If you can fantasize and get an erection with no stimulation from your hand, you probably are fine.


----------



## Get2ZeChoppNOOW (Mar 28, 2010)

Cheers, im type 1 diabetic aswell and keep reading about nerve damage and impotence problems that happen later down the line. hopefully its just my mind over worrying about it lol


----------



## hackskii (Jul 27, 2003)

Get2ZeChoppNOOW said:


> Cheers, im type 1 diabetic aswell and keep reading about nerve damage and impotence problems that happen later down the line. hopefully its just my mind over worrying about it lol


Stay on top of that one, and yes this could be an issue as well.

by all means keep those blood sugar levels stable or you will end up with all kinds of problems.

Number one reason for Kidney failure is Diabetes.


----------



## zoco (Nov 23, 2010)

Sorry for bringing this old thread up again, I just saw this thread. When I asked about a test booster everybody laughed and said that it doesn't so s**t.

Check the ingredients inside http://tiny.cc/TestoTurbo


----------



## hackskii (Jul 27, 2003)

Save your money.


----------



## aad123 (Dec 7, 2011)

hackskii said:


> Well, to be fair I did hear of one product about a few years ago that was said to work.
> 
> Ironic as this may seem I was talking to my 42 year old (young man) training partner. He mentioned his libido was low and he never gets morning wood.
> 
> ...


Might give this a try myself, just to see if it works for my bulk. Every little helps as my test is slightly low anyway, within the normal range but towards the lower end.


----------



## hackskii (Jul 27, 2003)

aad123 said:


> Might give this a try myself, just to see if it works for my bulk. Every little helps as my test is slightly low anyway, within the normal range but towards the lower end.

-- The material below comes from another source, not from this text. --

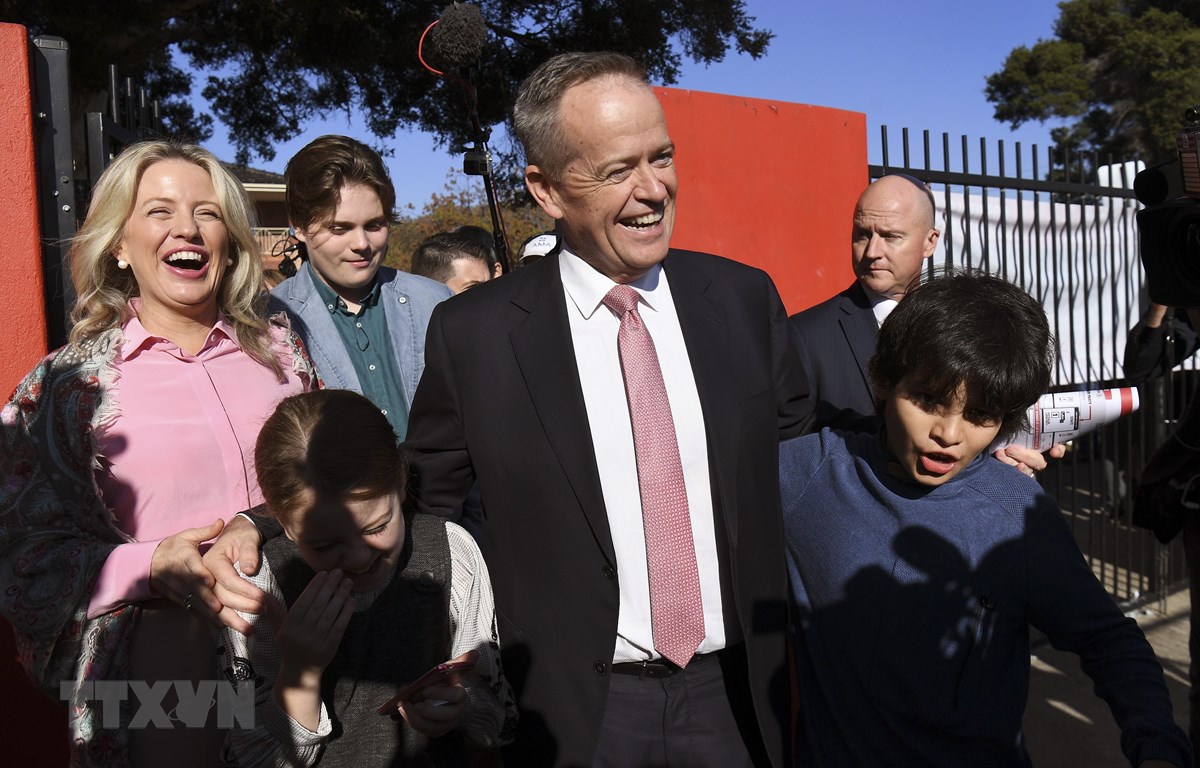 Lãnh đạo Công đảng đối lập ông Bill Shorten (giữa) tại một địa điểm bầu cử ở Melbourne ngày 18-5. (Ảnh: AFP/TTXVN)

To be honest I noticed more night time wood with the use of Vitamin D at 5000iu than I did with this stuff.

Go buy some creatine.


----------



## aad123 (Dec 7, 2011)

hackskii said:


> If you can fantasize and get an erection with no stimulation from your hand, you probably are fine.


So if I can not do this is it a bad thing ?? What help is there out there for people with this problem ??


----------



## Matt 1 (May 8, 2010)

i think the best natural test booster is quality sleep, diet and workout

- - - Updated - - -

and a naked lady

- - - Updated - - -

or man

- - - Updated - - -

whatever floats your boat :lol:


----------



## hackskii (Jul 27, 2003)

Best test booster is Vitamin D actually.

Studies confirm this as well.

I was diagnosed low in D, I supplemented with 5000iu ED and first thing I noticed was an oily face.

That night I got a night time erection, that week I had a sex dream.

Cant really rate any one thing over this.

But, boron helps, ZMA, D, pumpkin seeds, etc.

- - - Updated - - -



aad123 said:


> So if I can not do this is it a bad thing ?? What help is there out there for people with this problem ??


Are you saying that you can not ejaculate using fantasy for masturbation?


----------



## Matt 1 (May 8, 2010)

hackskii said:


> Best test booster is Vitamin D actually.
> 
> Studies confirm this as well.
> 
> ...


my willy gets harder over a women then a vit D tab tbh mate.. but if im drunk and horny enough, I reckon the vit D tab would suffice :whistling: :lol:

ok but in seriousness thats interesting mate, i think (here in the UK) as a nation we are very Vit D deficient, as we know the sun can help us to synthesize it with the aid of cholesterol, and lets face it, we dont get any sun here in the UK? Where abouts in the US do you live Hacks? Do you get much sun there?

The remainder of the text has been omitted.